SOCIEDAD › OPINION
› Por Oscar González *
Para aquellos que ven a la historia como mera sucesión de peripecias individuales o de hitos institucionales registrados en los libros de la Escribanía de Gobierno, la Asamblea del año XIII es apenas un antecedente más entre los que condujeron a la declaración de la independencia en 1816. Para quienes creemos en el papel decisivo de las luchas sociales, la acción política y el conflicto para el devenir de las sociedades, ese congreso, que comenzara a sesionar hace exactamente 200 años, representa, en cambio, un episodio fundacional, en muchos sentidos comparable con la experiencia que vive la Argentina en la última década.
Las crónicas contenidas en las 24 ediciones de El Redactor de la Asamblea –que como La Gaceta fue también un instrumento de lucha política– permite advertir que la mayoría de las iniciativas importantes debatidas en las sesiones apuntaban a concretar el programa revolucionario de Mayo y a fundar sobre otras bases el nuevo Estado emergente al que se llamaría Provincias Unidas del Río de la Plata.
Ese programa no se agotaba en asegurar la libertad de los hijos de los esclavos, quizá la iniciativa más emblemática de la Asamblea. Con las limitaciones de la época, la nueva condición de ciudadanía se extendía a todos los habitantes de la nueva Nación, incluidos los integrantes de las comunidades originarias. En efecto, no sólo dispone la abolición de la mita, la encomienda y el yanaconazgo, sino que convoca a que ellas elijan autónomamente sus representantes.

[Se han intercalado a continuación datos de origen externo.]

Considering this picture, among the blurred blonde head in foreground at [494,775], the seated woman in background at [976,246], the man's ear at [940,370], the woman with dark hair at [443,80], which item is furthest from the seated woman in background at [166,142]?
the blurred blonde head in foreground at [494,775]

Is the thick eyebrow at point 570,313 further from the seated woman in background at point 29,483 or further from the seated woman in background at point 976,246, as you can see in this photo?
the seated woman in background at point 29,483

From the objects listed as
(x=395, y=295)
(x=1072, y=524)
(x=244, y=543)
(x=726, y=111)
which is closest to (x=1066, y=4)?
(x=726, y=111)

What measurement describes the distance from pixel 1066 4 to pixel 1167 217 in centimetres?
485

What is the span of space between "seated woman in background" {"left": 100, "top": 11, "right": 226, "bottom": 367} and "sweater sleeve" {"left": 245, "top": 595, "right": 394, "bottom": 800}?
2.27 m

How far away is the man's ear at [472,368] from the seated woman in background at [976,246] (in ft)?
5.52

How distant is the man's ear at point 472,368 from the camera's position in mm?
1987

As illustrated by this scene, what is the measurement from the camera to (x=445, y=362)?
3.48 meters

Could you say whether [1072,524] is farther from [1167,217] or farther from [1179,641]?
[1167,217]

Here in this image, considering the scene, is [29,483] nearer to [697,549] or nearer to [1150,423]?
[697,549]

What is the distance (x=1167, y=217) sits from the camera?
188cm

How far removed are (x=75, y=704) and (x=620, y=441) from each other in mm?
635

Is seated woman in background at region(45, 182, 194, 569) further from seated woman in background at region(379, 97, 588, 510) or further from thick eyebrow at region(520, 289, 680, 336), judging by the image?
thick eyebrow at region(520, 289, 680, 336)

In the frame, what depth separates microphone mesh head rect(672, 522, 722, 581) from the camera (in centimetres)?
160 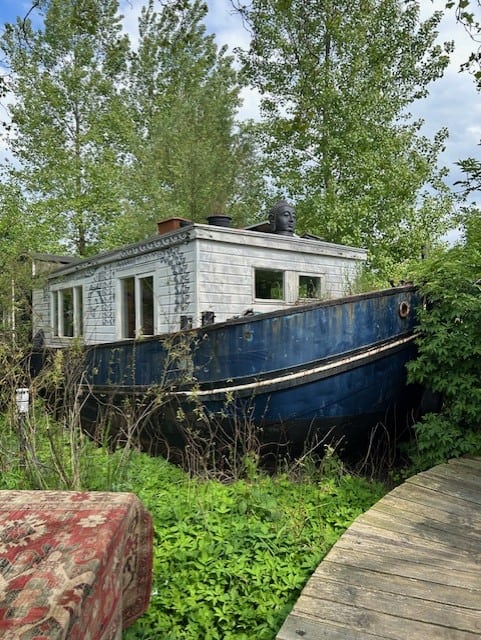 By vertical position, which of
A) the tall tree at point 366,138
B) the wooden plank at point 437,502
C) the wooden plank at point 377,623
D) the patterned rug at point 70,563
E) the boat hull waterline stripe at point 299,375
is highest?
the tall tree at point 366,138

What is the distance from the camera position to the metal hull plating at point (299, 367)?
17.0 ft

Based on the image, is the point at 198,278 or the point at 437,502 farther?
the point at 198,278

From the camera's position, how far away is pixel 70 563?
1493mm

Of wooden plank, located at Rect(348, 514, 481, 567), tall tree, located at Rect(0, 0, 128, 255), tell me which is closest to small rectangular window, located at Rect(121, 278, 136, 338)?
wooden plank, located at Rect(348, 514, 481, 567)

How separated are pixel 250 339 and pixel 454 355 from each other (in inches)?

La Asamblea, controlada por los herederos directos de Mariano Moreno, avanzó también hacia la democratización de la vida civil, con la supresión de la tortura, de los títulos de nobleza y de la Inquisición, a la par de impulsar una reforma eclesiástica destinada a romper los vínculos con España y a secularizar instituciones que estaban bajo dominio de la Iglesia.
Hizo suyos los símbolos de todo país independiente, con la creación del escudo, la adopción del himno y de la primera fiesta cívica, el 25 de mayo, pero también con la acuñación de moneda, que en adelante no llevaría la imagen de los monarcas sino la iconografía de un pueblo libre.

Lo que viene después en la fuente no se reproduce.